If we are talking about DC circuits, then the capacitor is almost always for filtering and voltage stability. Think of all of the little wires and connections as resistors. If a component draws an excessive amount of current suddenly, the voltage at that component will drop, possibly enough to cause a malfunction. Or, worse, the voltage change will cause an oscillation inside the part that feeds back into the current draw making the oscillation worse and suddenly your circuit is howling like a banshee.
Capacitors are small energy storage devices that will help to smooth out those fluctuations.
There are two basic types of capacitors. You have large electrolytic capacitors, which are used for heavy duty bulk filtering. These have large capacitance values, and they look like little tin cans, because you can basically think of them as kind of an electrical fruit roll-up. They have two metal foil sheets with a bunch of goo (the electrolyte) between them, and the whole thing is rolled up and shoved into a metal case. Electrolytic capacitors are great for high capacitance value, but at high frequencies they suck. So for higher frequencies, we use chip capacitors or small ceramic capacitors (mostly chip capacitors these days). Often in power supplies you will have big electrolytic capacitors paralleled with small chip or ceramic capacitors. The electrolytics do the bulk filtering, and the smaller capacitors do the high frequency stability.
In order to keep the power supply stable at each integrated circuit, I personally (as well as many other electronics designers) will just out of habit put a small capacitor between the positive and negative voltages right at the chip, keeping the circuit traces very short.
Sometimes you’ll put a resistor across the power supply to give capacitors (and maybe inductors or relays if you have any) a place to dump their stored energy once the power is shut off. Otherwise that stored energy can go elsewhere in the circuit, possibly somewhere bad. Often instead of just a simple resistor you’ll have a reverse biased diode in series with a resistor. The advantage of this is that no current is being wasted heating up the resistor while the power is on.
Similarly, high voltage circuits will often have bleeder resistors across energy storage devices, for similar reasons. Old cathode ray type televisions usually had bleeder resistors on the tube, and microwave ovens usually have a bleeder resistor across the big capacitors. Once the power is shut off, the energy in the capacitors gets turned into heat in the resistors. Without the resistors, those capacitors can store energy for quite some time, and could give you a nasty shock if you were to open up the microwave oven and touch them.

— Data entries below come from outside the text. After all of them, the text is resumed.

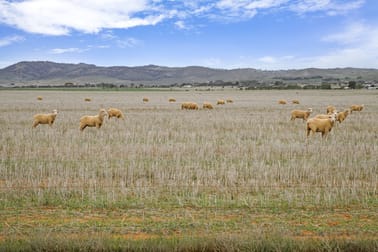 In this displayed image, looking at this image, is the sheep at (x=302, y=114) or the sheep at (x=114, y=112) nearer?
the sheep at (x=302, y=114)

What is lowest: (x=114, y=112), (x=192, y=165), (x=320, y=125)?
(x=192, y=165)

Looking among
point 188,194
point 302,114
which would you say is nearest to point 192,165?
point 188,194

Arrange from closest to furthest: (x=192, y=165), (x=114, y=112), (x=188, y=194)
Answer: (x=188, y=194), (x=192, y=165), (x=114, y=112)

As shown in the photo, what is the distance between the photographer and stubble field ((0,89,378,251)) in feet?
18.4

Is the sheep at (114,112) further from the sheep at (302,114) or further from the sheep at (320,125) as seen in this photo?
the sheep at (320,125)

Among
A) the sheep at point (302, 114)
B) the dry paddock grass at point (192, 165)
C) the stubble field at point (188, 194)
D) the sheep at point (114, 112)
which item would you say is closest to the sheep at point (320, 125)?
the dry paddock grass at point (192, 165)

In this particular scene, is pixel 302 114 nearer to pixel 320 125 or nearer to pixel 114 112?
pixel 320 125

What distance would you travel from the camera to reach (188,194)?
26.8ft

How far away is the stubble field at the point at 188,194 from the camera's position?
18.4 feet

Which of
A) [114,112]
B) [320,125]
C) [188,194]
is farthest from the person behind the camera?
[114,112]

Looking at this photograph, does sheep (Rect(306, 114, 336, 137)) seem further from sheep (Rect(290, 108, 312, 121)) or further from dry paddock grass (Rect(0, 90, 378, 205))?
sheep (Rect(290, 108, 312, 121))

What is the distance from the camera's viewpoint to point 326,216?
22.5 ft

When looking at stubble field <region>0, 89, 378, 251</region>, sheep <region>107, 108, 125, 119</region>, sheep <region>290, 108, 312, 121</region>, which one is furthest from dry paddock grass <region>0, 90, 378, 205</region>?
sheep <region>107, 108, 125, 119</region>

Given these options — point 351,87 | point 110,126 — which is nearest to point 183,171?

For AC circuits, you also have what is called a Metal Oxide Varistor, or MOV. Sometimes you’ll have these in DC circuits for similar reasons. An MOV has a fairly high resistance until you exceed its turn-on voltage, at which point its resistance drops significantly. The point of using these on power supplies is to clamp down on any over-voltages, thus suppressing electrical spikes by shorting them out quickly. The MOV is often destroyed when this happens, but the idea is you kill the MOV so that the circuit it is protecting survives.